Financial Advisor (FA) ran the following article highlighting the several industry trade groups, including NAFA, who jointly signed the letter opposing the Massachusetts fiduciary proposal.

January 7, 2020

If there is one thing the broker-dealer and insurance industries can agree on it’s this: They don’t like the broad-based Massachusetts fiduciary proposal, which would blanket their respective industries with a fiduciary standard they’ve been successful in avoiding up until now.

Yesterday, 12 brokerage and insurance trade groups, including the Securities Industry and Financial Markets Association and the Financial Services Institute, submitted a joint letter to Massachusetts Secretary of the Commonwealth William Galvin explaining why he shouldn’t implement his fiduciary rule.
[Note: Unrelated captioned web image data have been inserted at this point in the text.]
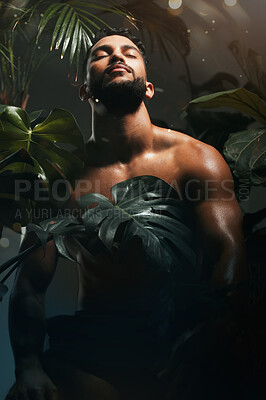 Buy stock photo Beauty, skincare and palm leaf with a man model in studio in a rainforest background with trees or plants. Nature, tropical and wellness with a handsome young male posing to promote natural treatment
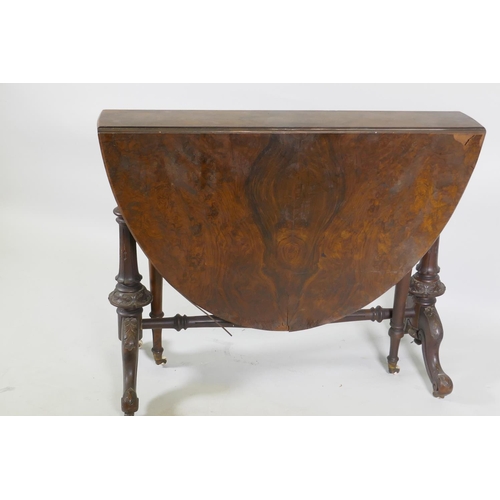 1170 - A Victorian figured walnut Sutherland table, raised on turned and carved end columns with cabriole s... 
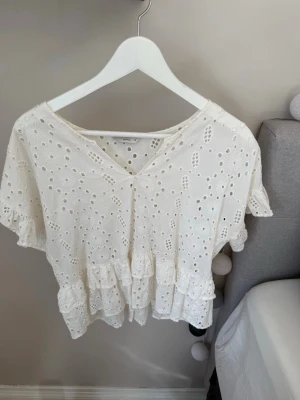 Vit broderad blus med volanger - Söt vit blus med broderade hålmönster och volanger nedtill. Blusen har v-ringning och korta ärmar med volangkant. Tillverkad i ett lätt bomullstyg som ger en luftig och romantisk känsla. Perfekt för en trendig och avslappnad look.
A number of executives from the trade groups are also voiced their opposition at a hearing today on the proposal, which would “deem it an unethical or dishonest conduct or practice for a broker-dealer, agent, investment adviser, or investment adviser representative registered required to be registered in Massachusetts to fail to act in accordance with a fiduciary duty to any customer or client.”
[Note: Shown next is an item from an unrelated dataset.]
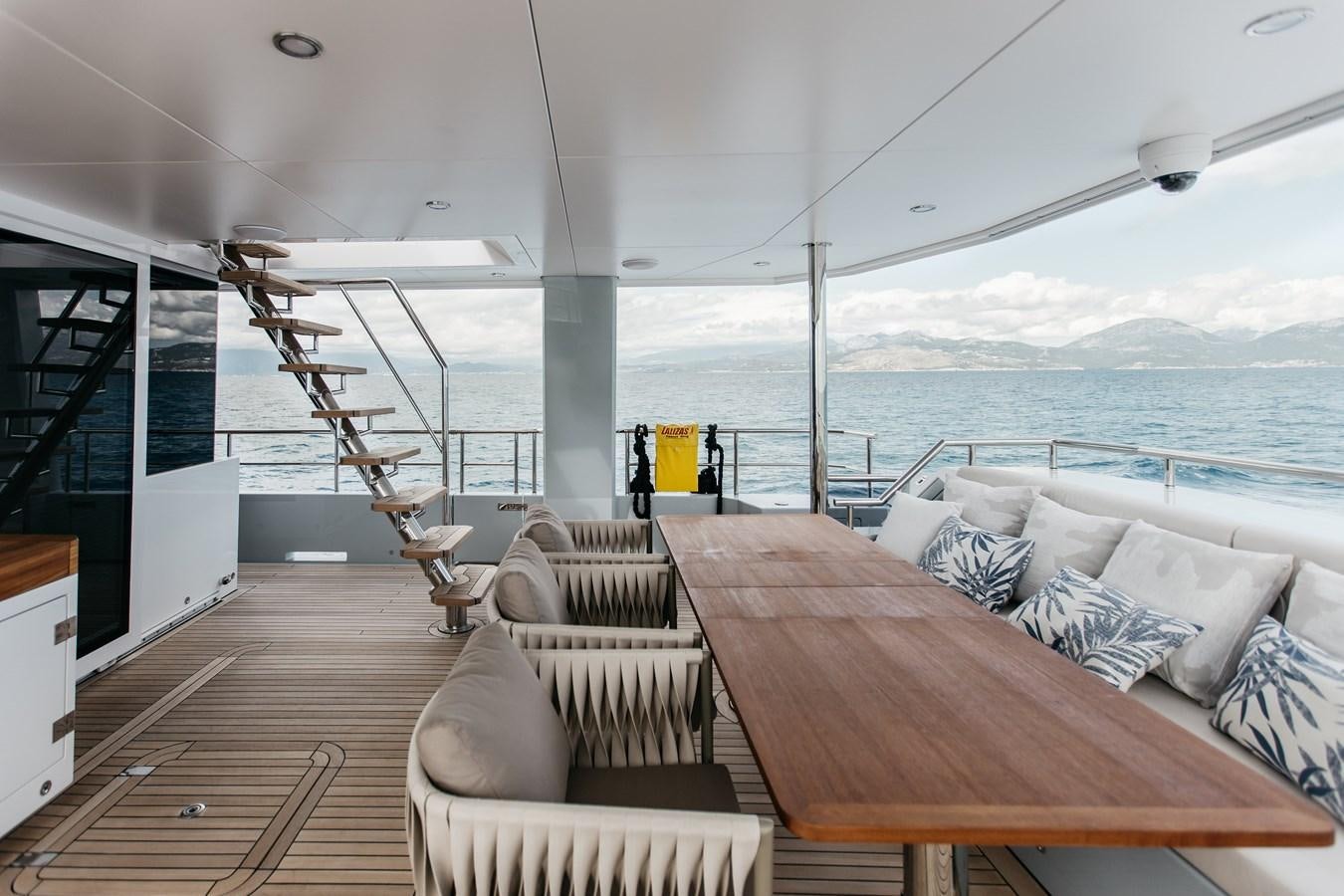 a large balcony overlooking a body of water aboard BERING 76  LEMANJA Yacht for Sale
Sifma president and CEO Kenneth E. Bentsen, Jr. argued in testimony at the hearing that Massachusetts should defer to the Securities and Exchange Commission’s Regulation Best Interest, which goes into effect in June. The SEC rule, however, expressly does not impose a fiduciary standard on brokers or agents.

He asked that Massachusetts delay any decision making until after Reg BI is fully implemented and the SEC, Finra, and Massachusetts and other state regulators have the chance to examine firms for compliance.